I always wondered what the word "otaku" (screen name of one of our delightful electronics wizzes here ) - it's a Japanese term that roughly translates to somewhere between 'obsessive' and 'nerd'

I learn something new every day here

That aside, how can such a union be considered legal? And will their children look like Cabbage Patch dolls?


----------



## debbie5 (Mar 2, 2007)

In England, a slang term for coitus is "getting stuffed"....heheheheh.


----------



## Otaku (Dec 3, 2004)

Well, I'll be damned. What's next - man marries sock puppet?

After reading this, I may need to change my screen name!


----------



## RoxyBlue (Oct 6, 2008)

Otaku said:


> After reading this, I may need to change my screen name!


Don't do that - we love you just the way you are and know you would never marry a pillow...or a sock puppet, for that matter


----------



## Dr Morbius (Sep 21, 2004)

I can see the headline a year from now:

"Pillow Divorces Man"

In the case of "Otaku VS.Otaku" a man's pillow-wife has filed for divorce when the pillow discovered the man was cheating on it with a couch cushion. 

'The pillow just doesn't understand me, and besides she went flat on me after only a few months of marraige', said Mr. Otaku in an an interview just outside the courthouse. 

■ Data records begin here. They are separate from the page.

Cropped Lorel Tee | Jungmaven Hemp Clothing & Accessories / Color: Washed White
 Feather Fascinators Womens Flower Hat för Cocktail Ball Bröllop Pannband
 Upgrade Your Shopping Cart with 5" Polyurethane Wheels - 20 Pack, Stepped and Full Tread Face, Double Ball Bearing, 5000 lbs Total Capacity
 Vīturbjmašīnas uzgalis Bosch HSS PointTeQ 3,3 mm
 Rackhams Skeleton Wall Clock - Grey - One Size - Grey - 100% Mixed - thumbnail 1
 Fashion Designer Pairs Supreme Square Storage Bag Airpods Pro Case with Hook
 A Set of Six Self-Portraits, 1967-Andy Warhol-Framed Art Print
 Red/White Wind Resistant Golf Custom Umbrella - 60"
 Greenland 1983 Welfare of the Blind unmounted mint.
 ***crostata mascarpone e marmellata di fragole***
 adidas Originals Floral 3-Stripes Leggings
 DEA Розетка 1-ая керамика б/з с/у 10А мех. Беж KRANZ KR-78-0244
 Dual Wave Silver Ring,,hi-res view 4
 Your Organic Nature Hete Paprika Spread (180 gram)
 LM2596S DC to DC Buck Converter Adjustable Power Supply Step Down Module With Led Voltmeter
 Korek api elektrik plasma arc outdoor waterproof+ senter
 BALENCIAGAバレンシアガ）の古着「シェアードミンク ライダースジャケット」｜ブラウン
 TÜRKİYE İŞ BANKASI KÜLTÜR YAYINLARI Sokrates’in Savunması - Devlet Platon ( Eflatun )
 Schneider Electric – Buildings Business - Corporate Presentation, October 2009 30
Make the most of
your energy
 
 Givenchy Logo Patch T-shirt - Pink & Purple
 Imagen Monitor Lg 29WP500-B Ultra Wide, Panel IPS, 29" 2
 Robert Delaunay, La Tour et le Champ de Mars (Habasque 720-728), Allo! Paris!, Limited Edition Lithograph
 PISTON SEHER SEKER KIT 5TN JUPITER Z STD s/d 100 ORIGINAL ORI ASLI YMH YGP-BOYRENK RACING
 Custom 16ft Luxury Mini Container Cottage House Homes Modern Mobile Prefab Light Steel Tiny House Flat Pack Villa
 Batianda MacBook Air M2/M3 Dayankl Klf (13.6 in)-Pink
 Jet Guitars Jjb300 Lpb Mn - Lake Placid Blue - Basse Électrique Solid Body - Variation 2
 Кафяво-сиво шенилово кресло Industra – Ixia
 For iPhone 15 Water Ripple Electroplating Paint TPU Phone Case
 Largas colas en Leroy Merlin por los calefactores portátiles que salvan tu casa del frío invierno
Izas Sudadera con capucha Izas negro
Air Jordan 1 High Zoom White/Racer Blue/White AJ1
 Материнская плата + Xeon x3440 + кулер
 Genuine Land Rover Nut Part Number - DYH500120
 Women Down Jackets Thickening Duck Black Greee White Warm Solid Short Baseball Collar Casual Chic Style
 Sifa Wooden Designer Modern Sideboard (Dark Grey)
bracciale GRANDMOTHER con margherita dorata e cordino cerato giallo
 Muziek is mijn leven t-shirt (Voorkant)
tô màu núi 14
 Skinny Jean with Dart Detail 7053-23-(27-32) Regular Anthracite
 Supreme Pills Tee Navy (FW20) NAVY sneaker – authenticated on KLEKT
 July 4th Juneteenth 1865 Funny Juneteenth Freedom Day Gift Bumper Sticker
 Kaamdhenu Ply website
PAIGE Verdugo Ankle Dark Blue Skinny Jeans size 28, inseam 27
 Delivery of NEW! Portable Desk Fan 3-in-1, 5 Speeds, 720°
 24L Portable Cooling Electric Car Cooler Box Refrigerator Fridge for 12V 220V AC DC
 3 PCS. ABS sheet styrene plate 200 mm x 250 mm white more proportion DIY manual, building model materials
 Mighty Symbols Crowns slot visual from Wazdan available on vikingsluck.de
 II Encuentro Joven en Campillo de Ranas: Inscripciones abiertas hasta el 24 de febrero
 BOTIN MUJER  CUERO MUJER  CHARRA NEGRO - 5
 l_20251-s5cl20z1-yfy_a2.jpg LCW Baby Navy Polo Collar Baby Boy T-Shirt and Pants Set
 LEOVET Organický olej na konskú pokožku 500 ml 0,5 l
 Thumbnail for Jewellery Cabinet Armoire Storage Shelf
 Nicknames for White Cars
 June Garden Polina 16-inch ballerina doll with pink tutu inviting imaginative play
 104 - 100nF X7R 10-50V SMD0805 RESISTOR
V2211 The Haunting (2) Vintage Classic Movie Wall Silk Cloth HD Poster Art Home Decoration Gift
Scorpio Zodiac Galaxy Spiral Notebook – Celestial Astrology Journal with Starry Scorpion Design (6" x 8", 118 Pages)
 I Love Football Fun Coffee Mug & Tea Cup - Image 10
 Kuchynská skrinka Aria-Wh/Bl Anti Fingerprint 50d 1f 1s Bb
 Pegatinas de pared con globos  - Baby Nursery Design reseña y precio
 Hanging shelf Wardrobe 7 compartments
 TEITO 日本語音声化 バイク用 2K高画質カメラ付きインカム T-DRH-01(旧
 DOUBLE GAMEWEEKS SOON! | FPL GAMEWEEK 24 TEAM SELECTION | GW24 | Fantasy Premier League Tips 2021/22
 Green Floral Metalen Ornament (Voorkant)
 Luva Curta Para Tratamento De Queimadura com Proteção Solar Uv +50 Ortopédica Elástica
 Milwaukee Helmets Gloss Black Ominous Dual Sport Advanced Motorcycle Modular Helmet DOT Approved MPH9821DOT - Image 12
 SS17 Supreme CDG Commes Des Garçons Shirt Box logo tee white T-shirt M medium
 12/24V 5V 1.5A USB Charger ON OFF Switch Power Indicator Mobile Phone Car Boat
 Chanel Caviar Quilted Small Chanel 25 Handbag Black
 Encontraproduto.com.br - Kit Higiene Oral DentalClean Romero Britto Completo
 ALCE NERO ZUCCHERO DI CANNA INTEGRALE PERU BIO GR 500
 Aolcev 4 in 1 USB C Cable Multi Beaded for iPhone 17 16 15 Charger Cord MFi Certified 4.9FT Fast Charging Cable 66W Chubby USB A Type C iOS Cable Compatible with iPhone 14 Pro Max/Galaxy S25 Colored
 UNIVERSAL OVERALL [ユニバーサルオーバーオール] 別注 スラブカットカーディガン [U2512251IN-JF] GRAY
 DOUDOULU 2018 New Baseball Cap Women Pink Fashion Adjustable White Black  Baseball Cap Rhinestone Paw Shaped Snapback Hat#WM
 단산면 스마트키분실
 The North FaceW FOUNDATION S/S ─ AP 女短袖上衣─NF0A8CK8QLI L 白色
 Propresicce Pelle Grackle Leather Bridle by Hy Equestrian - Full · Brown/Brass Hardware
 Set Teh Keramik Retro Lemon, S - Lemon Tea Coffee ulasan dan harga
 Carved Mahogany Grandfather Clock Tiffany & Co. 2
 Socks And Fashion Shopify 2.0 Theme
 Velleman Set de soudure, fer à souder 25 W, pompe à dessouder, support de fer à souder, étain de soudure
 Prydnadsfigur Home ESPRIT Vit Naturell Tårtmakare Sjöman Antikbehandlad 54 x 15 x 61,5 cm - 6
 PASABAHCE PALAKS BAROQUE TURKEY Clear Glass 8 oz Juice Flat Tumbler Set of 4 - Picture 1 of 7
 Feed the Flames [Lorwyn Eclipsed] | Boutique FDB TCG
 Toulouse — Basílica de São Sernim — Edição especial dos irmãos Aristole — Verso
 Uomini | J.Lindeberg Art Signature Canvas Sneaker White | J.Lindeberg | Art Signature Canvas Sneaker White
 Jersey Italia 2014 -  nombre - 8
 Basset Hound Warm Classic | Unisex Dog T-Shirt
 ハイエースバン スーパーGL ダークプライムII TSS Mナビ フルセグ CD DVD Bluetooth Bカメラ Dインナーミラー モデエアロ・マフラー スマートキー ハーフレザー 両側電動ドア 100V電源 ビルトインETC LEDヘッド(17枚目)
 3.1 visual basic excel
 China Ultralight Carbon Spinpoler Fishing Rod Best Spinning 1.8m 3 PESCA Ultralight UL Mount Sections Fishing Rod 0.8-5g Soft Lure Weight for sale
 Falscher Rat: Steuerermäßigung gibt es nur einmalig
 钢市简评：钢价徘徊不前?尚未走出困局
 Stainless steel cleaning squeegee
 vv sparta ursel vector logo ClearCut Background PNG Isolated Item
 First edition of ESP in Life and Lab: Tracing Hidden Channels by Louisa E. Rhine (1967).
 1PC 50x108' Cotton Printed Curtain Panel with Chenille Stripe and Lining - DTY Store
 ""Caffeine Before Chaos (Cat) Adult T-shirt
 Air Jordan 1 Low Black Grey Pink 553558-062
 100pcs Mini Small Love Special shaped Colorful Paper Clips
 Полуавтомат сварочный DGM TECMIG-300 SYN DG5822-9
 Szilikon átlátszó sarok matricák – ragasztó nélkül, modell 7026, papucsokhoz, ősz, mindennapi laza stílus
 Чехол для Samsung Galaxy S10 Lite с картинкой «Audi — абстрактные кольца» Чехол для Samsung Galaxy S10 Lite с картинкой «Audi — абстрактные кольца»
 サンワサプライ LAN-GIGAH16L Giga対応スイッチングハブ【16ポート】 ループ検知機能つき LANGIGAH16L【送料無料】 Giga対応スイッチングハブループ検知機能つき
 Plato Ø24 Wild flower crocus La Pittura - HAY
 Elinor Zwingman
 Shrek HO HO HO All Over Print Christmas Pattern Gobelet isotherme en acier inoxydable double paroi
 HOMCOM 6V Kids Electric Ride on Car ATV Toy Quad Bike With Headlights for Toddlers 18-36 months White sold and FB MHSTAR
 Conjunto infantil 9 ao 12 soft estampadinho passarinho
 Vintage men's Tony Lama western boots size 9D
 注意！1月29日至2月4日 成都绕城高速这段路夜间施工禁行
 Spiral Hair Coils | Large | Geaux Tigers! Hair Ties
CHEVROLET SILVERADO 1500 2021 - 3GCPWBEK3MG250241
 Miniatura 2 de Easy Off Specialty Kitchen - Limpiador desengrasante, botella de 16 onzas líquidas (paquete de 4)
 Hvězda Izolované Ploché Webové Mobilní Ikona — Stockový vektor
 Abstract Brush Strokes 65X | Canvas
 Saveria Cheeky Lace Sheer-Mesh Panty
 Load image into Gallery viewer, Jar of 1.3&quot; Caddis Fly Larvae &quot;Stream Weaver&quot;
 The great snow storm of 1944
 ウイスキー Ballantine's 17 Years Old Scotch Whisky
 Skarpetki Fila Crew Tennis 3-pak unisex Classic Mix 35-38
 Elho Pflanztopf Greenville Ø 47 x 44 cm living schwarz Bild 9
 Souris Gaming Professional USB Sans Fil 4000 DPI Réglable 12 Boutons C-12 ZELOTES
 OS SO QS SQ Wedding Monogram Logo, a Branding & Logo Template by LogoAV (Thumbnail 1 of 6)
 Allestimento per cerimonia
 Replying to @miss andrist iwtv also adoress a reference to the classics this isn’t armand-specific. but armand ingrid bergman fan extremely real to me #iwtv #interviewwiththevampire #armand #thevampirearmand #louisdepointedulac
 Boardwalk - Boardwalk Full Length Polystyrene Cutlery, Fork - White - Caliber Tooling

The Couch cushion was not available for comment."


What a weird world.


----------



## Mr_Chicken (Nov 26, 2008)

Haha! 30 Rock, anyone?


----------



## GothicCandle (Mar 26, 2007)

RoxyBlue said:


> I always wondered what the word "otaku" (screen name of one of our delightful electronics wizzes here ) - it's a Japanese term that roughly translates to somewhere between 'obsessive' and 'nerd'
> 
> I learn something new every day here
> 
> That aside, how can such a union be considered legal? And will their children look like Cabbage Patch dolls?


Otaku is actually a pretty bad insult in japan. The American term applied to fans of anime is used light hearted however an "otaku" in japan is someone who is obsessed to the point of creepiness, you can be an "otaku" of anything, most commonly Pop Stars, Anime, or video games. a true "otaku" in the Japanese use of the word would be someone who's home was stack floor to roof with video games, or CDs, or such, posters all over their walls, and secret plans to show up at their favorite voice actor/singers home with cake and ice cream on their birthday(which happened to a voice actor I like, but no it wasn't me lol)

the casual use of otaku which is often heard in America is mostly used to describe moderately obsessed anime fans many of which dress in costume and learn to speak Japanese but very few of them are what a Japanese person would call an "Otaku"

and on a more related note, at this rate, I wonder when it will become legal for people to marry those female robots made by that Japanese company. Those are specially made and able to "consummate" the marriage.

edited to add:

heres a picture of the anime charactor which is on the mans "wife"








in the show her currant age is 19 however I wonder what age the man has a picture of on his pillow...


----------